The latest is a Calgary physician in his 70s whose infection originated in the community, not the worksite, according to officials. He was one of the 25 deaths reported to Alberta health on Wednesday.

The four health-care workers who have died of COVID-19 in Alberta join a growing list of health-care workers across Canada who have been killed by the virus, many of whom are women and people of colour occupying low-income frontline positions.

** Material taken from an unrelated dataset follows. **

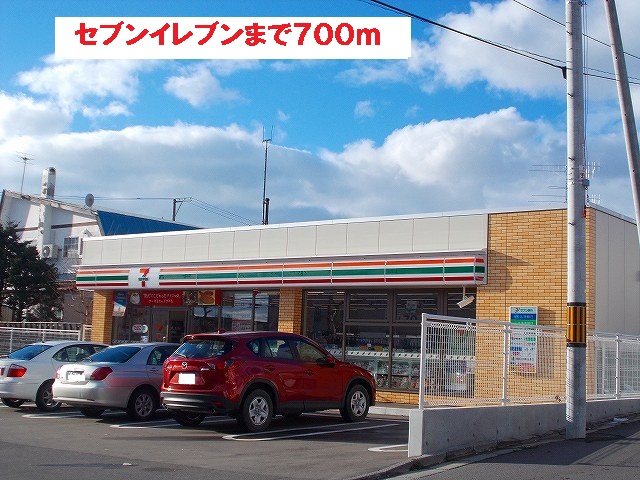 Convenience store. 700m to Seven-Eleven (convenience store)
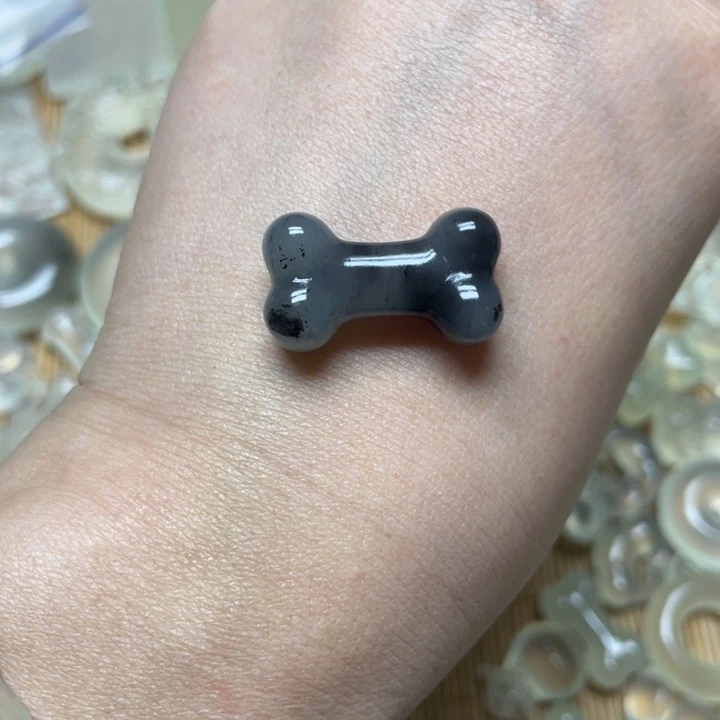 蛇纹石玉颈饰未镶嵌梁*？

During the pandemic, many people get to work from home, but front-line and health-care workers have to actively put themselves in harm’s way just to do their jobs, Ambersley’s son pointed out.

“When it comes to medical care, it's tough because they understand that they have to help, but they're also people too,” Floyd said. “They're not like machines that are helping people. These are people helping people, they can get sick.”

He believes that governments need to be listening to requests from frontline medical workers and try to give them as much extra help with staffing and PPE as they need.

He said sometimes his mother would be so pressed for time due to staff shortages that she would have to go directly from moving one patient to another, and wouldn’t have time to fully change her PPE to prevent cross-contamination.

“You have to rush and sometimes you might leave her gloves on, it might be like the same mask,” he said.

Linda Silas, president of the Canadian Federation of Nurses Union, pointed out that when health-care workers are at risk, everyone is.

“If the nurse, the doctor, the personal care worker are not safe in an infectious environment, patients are not safe either,” she told CTV News. “Our families are not safe, our communities are not safe, because we do leave our healthcare facilities at the end of our shift.

“To bring safety in our communities, you have to ensure that health-care workers are safe, and the only way to do that is with occupational health and safety measures.”

Whether they are infected at work or in the community, Canada risks losing more frontline workers — a terrifying prospect for those who remain.

“Some of them are also thinking of taking early retirement, which is scary if they do that, because we need them more inside the system than outside the system,” Paul-Emile Clouter, president and CEO of HealthCareCAN, told CTV News. “There's a sentiment of despair, a sentiment of one wanting to do good, but they are worried that they are exhausted and tired and that they can make mistakes.”

Silas pointed out that there are likely more deaths of frontline workers that we simply don’t know about.

“When I hear Maureen’s story, I really get mad,” she said. “Because it is so common knowledge that to prevent infection, you have to protect your health-care workforce. What happened in the long-term care sector is unforgivable.”

As for Floyd Ambersley, he said he doesn’t feel anger, but sadness, because there’s no individual person he can blame for his mother’s death.

“She got sick. And she passed,” he said. “I’m only just sad that she didn’t make it.”